Мне и говорят: уезжай, потому что они не остановятся ни перед чем. Но сам лично я сделать этого не могу

– Если все люди, которых преследуют, будут уезжать из России, то кто тогда останется, кто будет заниматься теми делами, общественными, политическими? Это не высокопарные слова, а то, что у меня в душе. Я общественной деятельностью занимаюсь на ниве просвещения, и если я отсюда уеду, значит, оба музея перестанут существовать. Понимаете, есть вещи, которые связаны с внутренним мировоззрением, с внутренними качествами, которые попрать невозможно. У меня очень большой круг друзей, связанных и с общественной деятельностью, и с деятельностью мемориалов, и никто из них выехать не может, они не имеют ни возможности, ни средств, чтобы это осуществить. И, уезжая, я как бы бросаю их. А все вместе мы все-таки делаем какую-то работу. Если я уеду отсюда, никакой работы они делать уже не смогут. Хотя мне и говорят: уезжай, потому что они не остановятся ни перед чем. Но сам лично я сделать этого не могу.

Для них нет ни чести, ни совести, для них доблесть – это подкинуть, сфабриковать, оболгать

И другая еще сторона – это мои дети и внуки. Они с этим обыском попали под серьезный удар, потому что их тоже могли привлечь к уголовной ответственности, раз у них нашли патроны. А если завтра вместо патронов подбросят наркотики? И благодаря моей деятельности их жизнь будет испорчена – я этого, естественно, допустить не могу. Поэтому я сейчас предпринимаю все меры для того, чтобы их отправить в одну из зарубежных стран, чтобы они начинали там обустраивать жизнь до того момента, пока либо жизнь у нас не изменится, либо станет не такой опасной, как сегодня у нас. Это, конечно, тяжелый выбор, и они этого не хотят, они этому противятся, и я не хочу этого делать, но мне приходится. Потому что я прекрасно знаю тех людей, которые осуществляют это давление, и для них нет ни чести, ни совести, для них доблесть – это подкинуть, сфабриковать, оболгать...

–​ Кто эти "они"?

– Уже ясно, это часть сотрудников ФСБ, которым дана команда не давать возможности мне ни жить, ни работать, ни действовать. Потому что все, что было сделано у нас во время обыска, делалось не полицейскими, это были сотрудники ФСБ.

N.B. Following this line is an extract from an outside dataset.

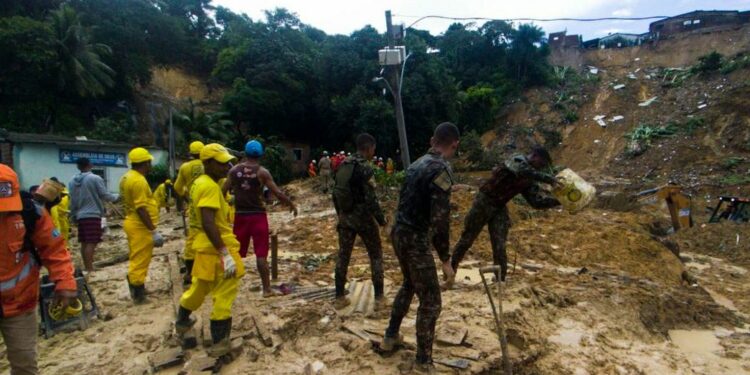 Procura por vítimas em Pernambuco: ao todo, 436 profissionais trabalham com a ajuda de embarcações, cães de busca e aeronaves - Foto: TV Brasil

–​ А что конкретно не нравится? Какие претензии вам предъявляют, под протокол, не под протокол?

Они просто делают все возможное, чтобы не дать мне возможности этим делом вообще заниматься, связав меня по ногам и рукам этими судами

– Для меня это стало очевидным буквально с первых претензий, когда они впрямую требовали по запросу депутата Госдумы Коломейцева (депутат ГД от КПРФ Николай Коломейцев. – РС) снести мемориал и прекратить деятельность нашего музея. Даже сейчас, когда идет уголовное дело, идут суды, к нам в музей продолжают приходить группы полицейских по жалобам недовольных граждан, по запросам каких-то официальных лиц из Госдумы или еще кого-то. Продолжают проверять деятельность наших мемориалов и музеев. Это нескончаемый поток, который уже десять лет не останавливается, и если они не могут меня посадить, каким-то образом наказать, они просто делают все возможное, чтобы не дать мне возможности этим делом вообще заниматься, связав меня по ногам и рукам этими судами.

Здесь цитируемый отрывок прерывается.